July 26 (Bloomberg) -- Oil and gas rigs in the U.S. advanced to a four-month high as drillers moved to take advantage of rising prices.
The count rose by six to 1,776, according to Baker Hughes Inc., a Houston-based field services company, the most since March 15 and the fourth increase in a row. Oil rigs rose six to 1,401. Gas rigs maintained their week-ago level of 369, a three-month high.
Rising output from shale formations such as North Dakota’s Bakken and Texas’s Eagle Ford boosted domestic oil production to a 22-year high last week, according to the Energy Information Administration. Crude rose to a 16-month high of $109.32 a barrel in intraday trading on July 19.
“Oil prices are a lot higher and have been rising,” James Williams, president of WTRG Economics, said in a phone interview from London, Arkansas. “You get a better return on your investment if you drill when prices are high.”
West Texas Intermediate oil for September delivery dropped 79 cents, or 0.7 percent, to settle at $104.70 a barrel on the New York Mercantile Exchange, up 17 percent in the past year.
U.S. oil output climbed to 7.56 million barrels last week, the most since December 1990, according to the EIA, the Energy Department’s statistical unit. Stockpiles slipped to 364.2 million barrels.
Oil prices are well above levels at which exploration and production companies would consider significantly raising their capital spending in the second half of this year, James C. West, oil services and drilling analyst for Barclays Plc’s investment-banking unit in New York, said in a research note July 23.
“We think recent positive data regarding U.S. land activity is a clear signal to the market that operators are putting capital to work and a sustained uptick in activity is under way,” he said.
Natural gas for August delivery retreated 8.9 cents, or 2.4 percent, to $3.555 per million British thermal units on the Nymex. The price is up 14 percent in the past year.
U.S. gas stockpiles gained 41 billion cubic feet last week to 2.786 trillion, smaller than the five-year seasonal average increase of 53 billion, the Energy Information Administration said yesterday. Supplies were 12.5 percent below year-earlier levels.
Directional rigs targeting oil and gas, typically used to drill multiple wells on the same pad, increased by seven to 287, according to Baker Hughes. Horizontal drilling rose nine to 1,067, while vertical drilling dropped 10 to 422.
Oklahoma rigs jumped the most this week, adding five to 176. Texas followed with an increase of three rigs to 848, the data showed. Colorado added two. North Dakota lost three.
Producers in the Bakken formation create wells by directionally drilling through underground formations and then shooting high-pressured bursts of water mixed with sand and chemicals to release trapped hydrocarbons.

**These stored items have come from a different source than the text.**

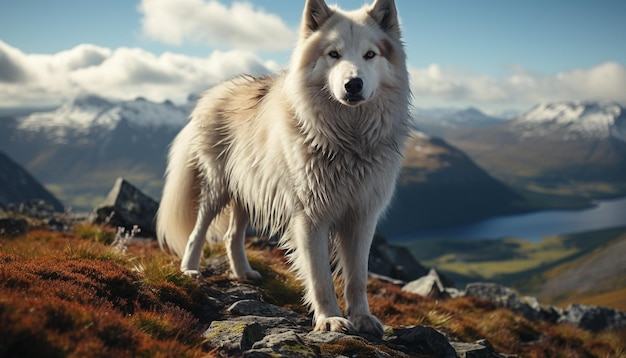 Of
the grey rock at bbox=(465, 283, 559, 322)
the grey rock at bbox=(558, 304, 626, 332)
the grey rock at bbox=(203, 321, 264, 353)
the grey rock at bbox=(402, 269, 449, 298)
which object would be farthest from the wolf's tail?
the grey rock at bbox=(558, 304, 626, 332)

Rigs on land added five to 1,696, an 11-week high. Offshore rigs climbed by one to 58. Rigs in inland waters and in the Gulf of Mexico were unchanged at 22 and 54, respectively.
“We are increasingly confident that the U.S. land recovery is poised to accelerate in the second half of the year,” West said. “Demand for well services has been stealthily increasing in recent months.”
Oil and gas rigs in Canada gained five to 329, according to Baker Hughes.